# A perfect nowhere dense set which intersects every open set with positive measure?

A perfect set is a closed set with no isolated points. A nowhere dense set is a set whose closure has empty interior. My question is, what is an example of a nonempty perfect nowhere dense subset of $$[0,1]$$ such that every intersection of the set with an open set is either empty or has positive Lebesgue measure?

Is the Fat Cantor Set an example of such a set? Or does no such set exist?

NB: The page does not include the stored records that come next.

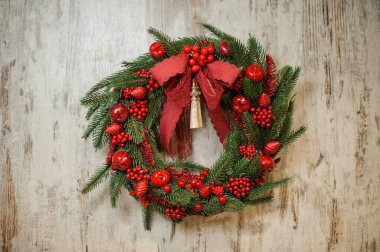 Parlak kırmızı böğürtlenlerle süslenmiş köknar ağacından güzel bir çelenk.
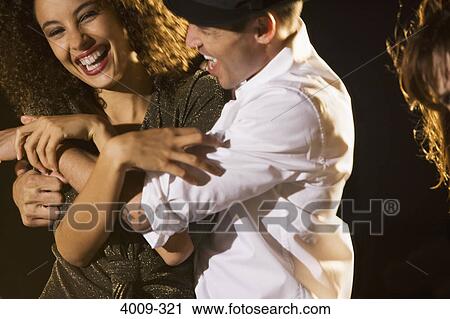Stock Image - Friends having fun in a party, Manhattan, New York City, New York State, USA. Fotosearch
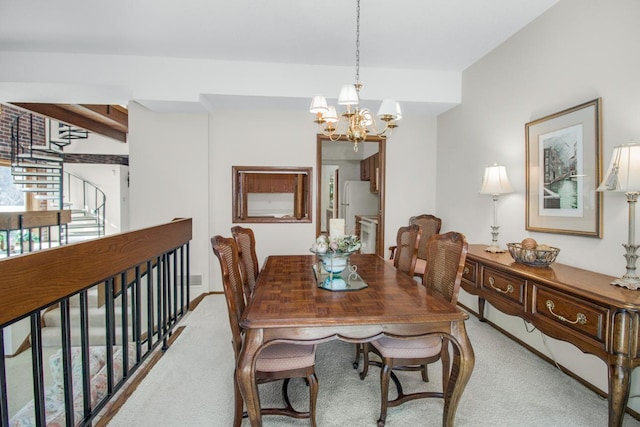 carpeted dining room featuring a chandelier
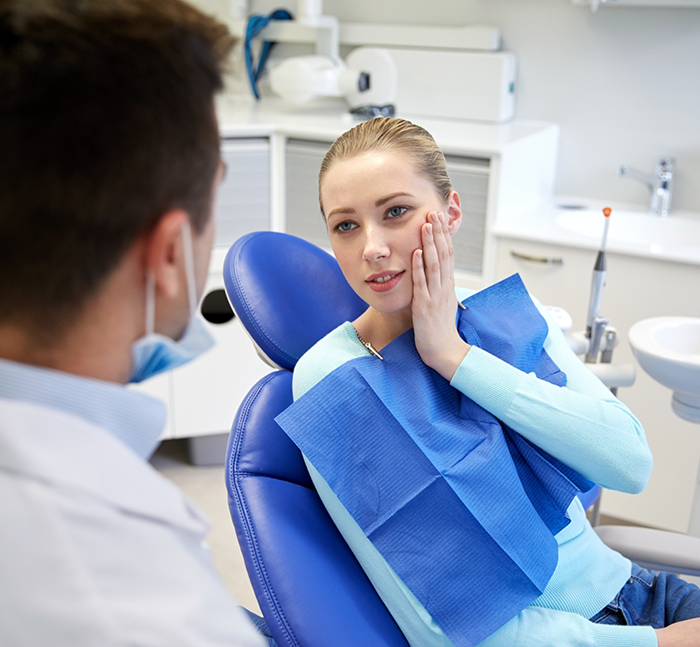 Young woman holding her face in pain while talking to oral surgeon about facial trauma treatment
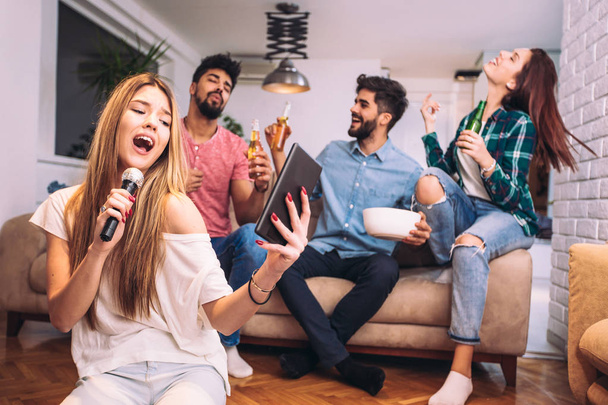 Grupa przyjaciół grająca w karaoke w domu. Koncepcja przyjaźni, rozrywki domowej i ludzi - Zdjęcie, obraz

Any closed set $$F\subseteq\mathbb R$$ admits a decomposition $$F=N\cup F_0$$ where $$N$$ has Lebesgue measure zero and $$F_0$$ is a closed set whose intersection with every open set is either empty or has positive measure. Of course $$F_0$$ can have no isolated points. Moreover, if $$F$$ is nowhere dense then $$F_0$$ is nowhere dense, and if $$F$$ has positive measure then $$F_0$$ is nonempty. Therefore, any nowhere dense closed set $$F$$ of positive measure will contain a set $$F_0$$ with the properties you want. Also, if $$F$$ arises from the usual construction of a "fat Cantor set", then $$N=\emptyset$$ and $$F_0=F$$.
P.S. Given a closed set $$F$$, let $$\mathcal U$$ be the collection of all open intervals $$I$$ with rational endpoints such that $$F\cap I$$ has measure $$0$$. Then $$U=\bigcup\mathcal U$$ is an open set and $$N=F\cap U$$ has measure 0. Let $$F_0=F\setminus N=F\setminus U$$. Then $$F_0$$ is a closed set, and the intersection of $$F_0$$ with any open set, if nonempty, has positive measure.